El Papa ahora fallecido fue un reputado intérprete de las Sagradas Escrituras, que son, para las religiones con devociones más extendidas, la expresión escrita de la voluntad divina y, por tanto, una guia irreemplazable de los designios que nos tiene encomendados a los mortales. Para su representante en la Tierra, esas páginas sagradas son un libro de instrucciones al que acudir, como orientación permanente, fuente para refresco de los credos, caudal de inspiración para enseñar y propagar su doctrina.
Joseph Ratzinger -el nombre civil del Papa fallecido- escribió muchos libros sobre teología, analizando con rigor, desde una muy profunda formación humanística, cientos de textos religiosos y filosóficos, para obtener conclusiones o propuestas sugerentes y, desde luego, sensatas.
Quisiera comentar ahora, como homenaje particular al fallecido, algunos detalles de uno de sus libros más admirables: “La vida de Jesús” (Edit.Planeta, 2012).
Es sorprendente, para quienes hemos estudiado las Sagradas Escrituras como mensaje divino en su dicción literal (particularmente, en lo referente al Nuevo Testamento) que se nos ilustre sobre el plano simbólico y metafórico de los textos sagrados.
Los Reyes Magos no existieron y son, seguramente, solo un símbolo, una referencia integradora de los tres continentes conocidos entonces: Asia, Africa y Europa.
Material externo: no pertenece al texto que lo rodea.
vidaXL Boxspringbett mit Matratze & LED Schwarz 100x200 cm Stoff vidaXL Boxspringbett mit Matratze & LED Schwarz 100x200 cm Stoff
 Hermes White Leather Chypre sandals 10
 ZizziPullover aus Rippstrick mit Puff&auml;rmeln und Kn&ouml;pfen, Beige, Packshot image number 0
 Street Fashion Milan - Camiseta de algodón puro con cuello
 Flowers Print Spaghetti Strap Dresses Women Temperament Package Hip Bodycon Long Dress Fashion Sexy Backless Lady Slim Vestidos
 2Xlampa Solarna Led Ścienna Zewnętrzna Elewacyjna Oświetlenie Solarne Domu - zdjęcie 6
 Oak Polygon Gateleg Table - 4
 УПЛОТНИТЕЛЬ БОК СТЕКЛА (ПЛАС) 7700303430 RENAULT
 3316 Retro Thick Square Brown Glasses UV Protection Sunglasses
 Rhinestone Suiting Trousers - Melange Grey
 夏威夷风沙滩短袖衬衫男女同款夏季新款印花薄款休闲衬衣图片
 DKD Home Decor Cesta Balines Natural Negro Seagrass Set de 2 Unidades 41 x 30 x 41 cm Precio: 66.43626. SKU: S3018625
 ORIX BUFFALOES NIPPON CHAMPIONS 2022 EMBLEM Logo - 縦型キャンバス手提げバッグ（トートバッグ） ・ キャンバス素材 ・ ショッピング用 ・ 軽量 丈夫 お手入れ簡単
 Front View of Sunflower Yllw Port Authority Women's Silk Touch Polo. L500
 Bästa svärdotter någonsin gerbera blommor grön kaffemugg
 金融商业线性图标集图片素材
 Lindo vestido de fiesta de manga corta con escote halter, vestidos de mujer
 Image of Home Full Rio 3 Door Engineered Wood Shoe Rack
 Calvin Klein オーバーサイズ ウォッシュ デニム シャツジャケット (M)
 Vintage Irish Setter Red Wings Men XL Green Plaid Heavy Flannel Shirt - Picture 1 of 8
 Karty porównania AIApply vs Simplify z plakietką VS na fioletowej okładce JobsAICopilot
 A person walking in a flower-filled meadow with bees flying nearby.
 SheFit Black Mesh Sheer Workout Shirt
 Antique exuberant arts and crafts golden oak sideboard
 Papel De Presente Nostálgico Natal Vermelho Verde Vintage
No venían de Oriente, obviamente, sino de Occidente y, posiblemente, de España (Tartessos). Sus edades también son trasunto de las tres edades del hombre, de la juventud a la vejez. No hubo una estrella fugaz, sino una confluencia planetaria que, según estudios astrológicos recientes, confirman el fenómeno hacia los años 5 ó 6 a. de C., cuando Jesús debió nacer.
El libro (escrito, sin duda, con objetivo divulgador) comenta antes, confrontando la interpretación que se ofrece con textos de profetas, santos y eruditos previos, el misterio central de la encarnación divina en María que, Ratzinger, coin prudencia, expresa que está aún por resolver. Desgrana, sin embargo, dándoles el carácter de irrefutables, las palabras cursadas entre el ángel Gabriel y la virgen. Un texto delicioso para creyentes y que mueve, también, al respeto para escépticos.
Descansa en paz, representante de Dios. Ahora sabrás, por fin, si has cumplido su mandato. A los que aún vegetamos por aquí, tierra de lágrimas e ignorancia, nos queda el trabajo de entender tus propias explicaciones.